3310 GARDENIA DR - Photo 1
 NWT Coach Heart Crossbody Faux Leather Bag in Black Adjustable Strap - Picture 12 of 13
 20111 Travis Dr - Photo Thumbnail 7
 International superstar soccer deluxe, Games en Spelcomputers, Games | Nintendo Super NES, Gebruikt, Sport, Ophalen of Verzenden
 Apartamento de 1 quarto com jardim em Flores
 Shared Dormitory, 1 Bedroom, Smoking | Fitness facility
┄┄┄┄┄┄┄┄┄┄┄┄┄┄┄┄┄┄┄┄
(Task item): Everything from the line that contains "International superstar soccer" to the last line of the records, restated word for word, is the required output.

(Response area):
 International superstar soccer deluxe, Games en Spelcomputers, Games | Nintendo Super NES, Gebruikt, Sport, Ophalen of Verzenden
 Apartamento de 1 quarto com jardim em Flores
 Shared Dormitory, 1 Bedroom, Smoking | Fitness facility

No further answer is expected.